Activity ▸
When you reach the line containing "Wholesale KUNDAL - Honey", begin reproducing the material exactly, stop after the line containing "Montre femme bracelet", and leave out any pictures along the way.

Material to process ▸
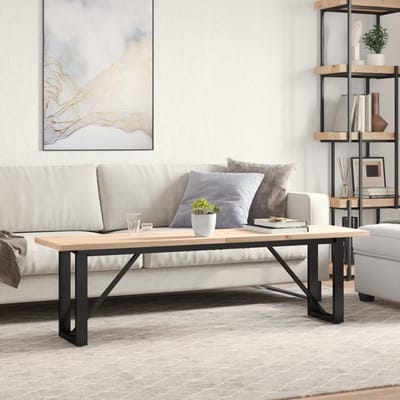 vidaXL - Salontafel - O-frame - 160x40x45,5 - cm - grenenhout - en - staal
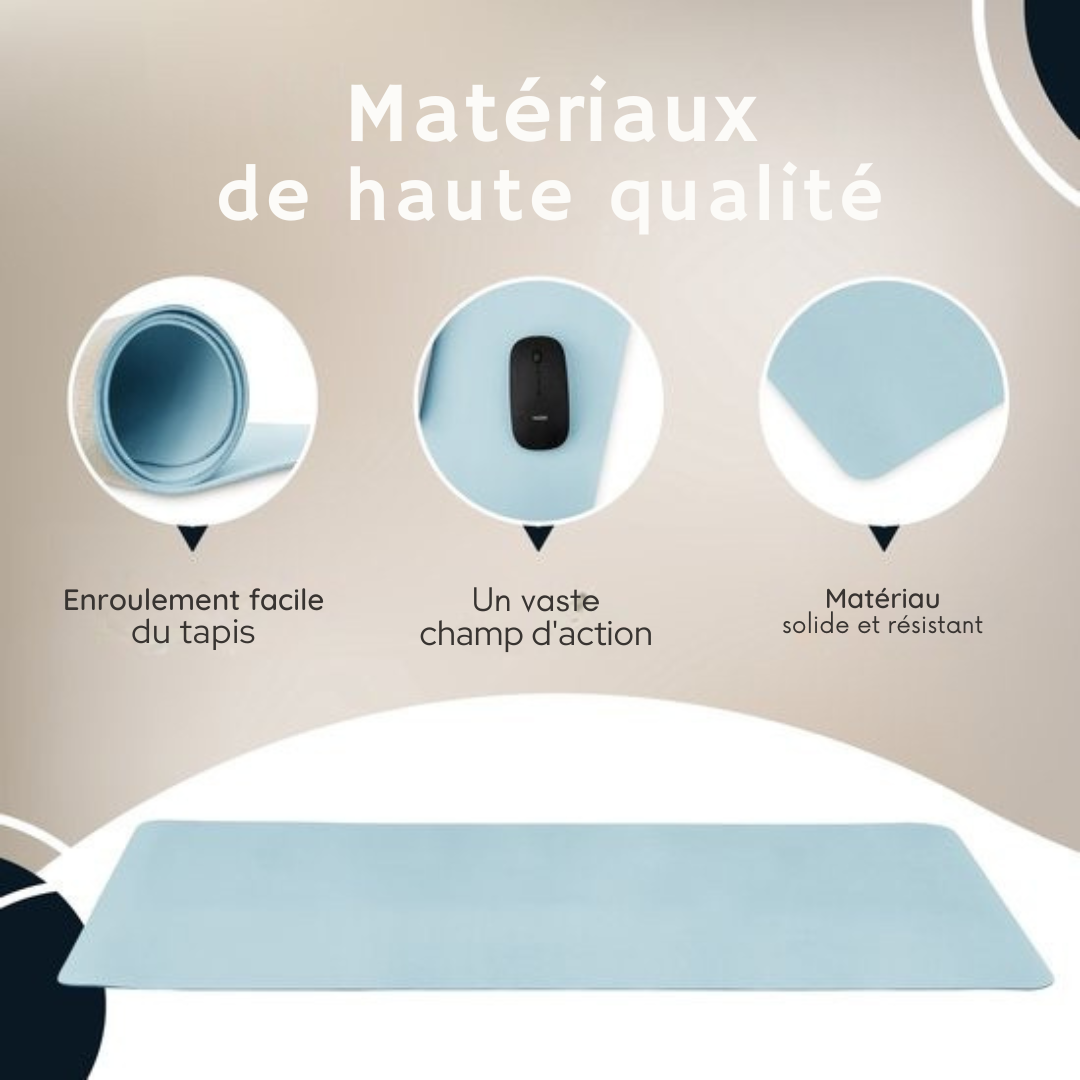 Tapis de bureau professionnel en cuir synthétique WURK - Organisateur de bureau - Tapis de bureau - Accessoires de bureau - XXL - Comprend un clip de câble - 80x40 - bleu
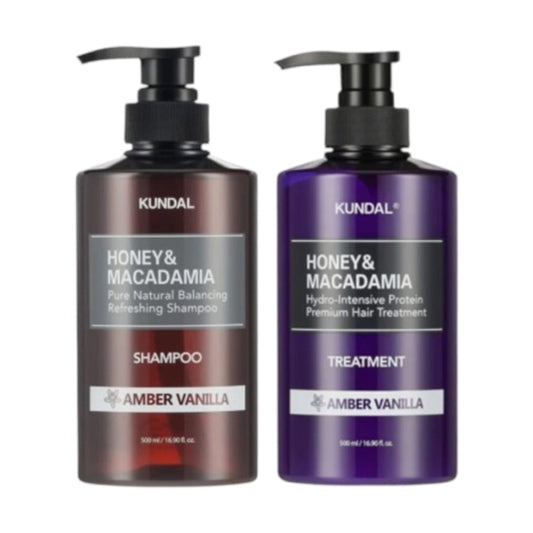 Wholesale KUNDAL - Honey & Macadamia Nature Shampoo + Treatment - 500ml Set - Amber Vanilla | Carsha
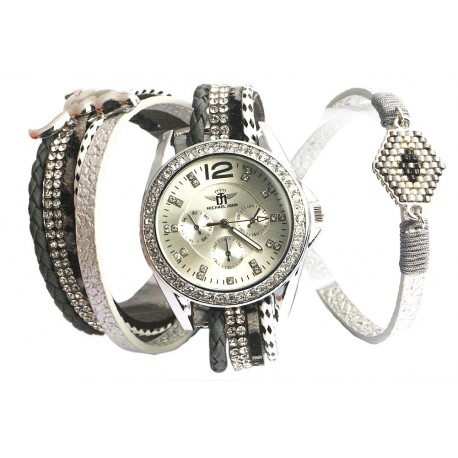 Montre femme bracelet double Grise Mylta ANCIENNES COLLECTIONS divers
* * *
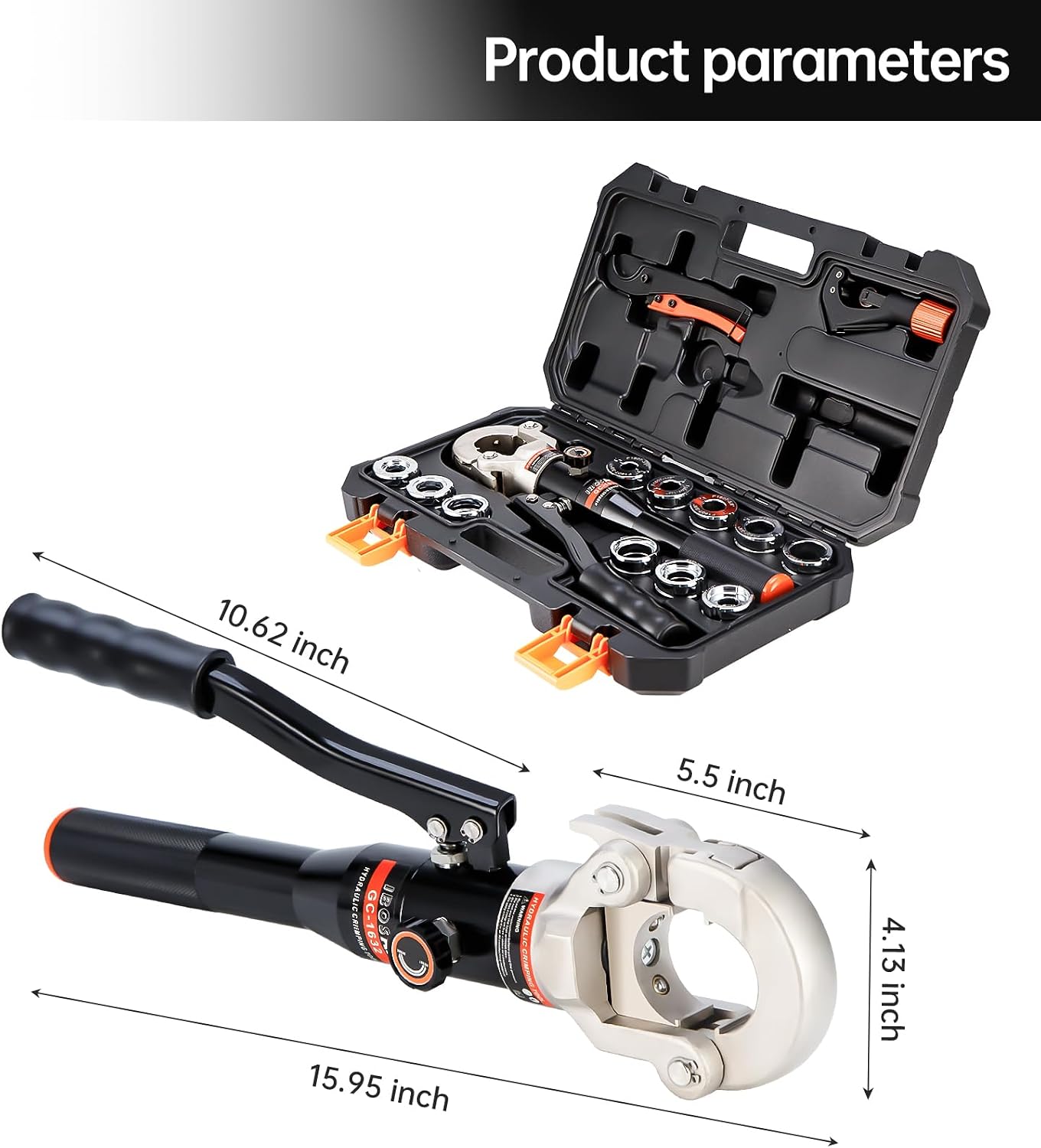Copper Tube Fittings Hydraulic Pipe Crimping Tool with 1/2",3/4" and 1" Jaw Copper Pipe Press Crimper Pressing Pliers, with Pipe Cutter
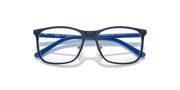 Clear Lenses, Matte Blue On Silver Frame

Your response ▸
 Wholesale KUNDAL - Honey & Macadamia Nature Shampoo + Treatment - 500ml Set - Amber Vanilla | Carsha
 Montre femme bracelet double Grise Mylta ANCIENNES COLLECTIONS divers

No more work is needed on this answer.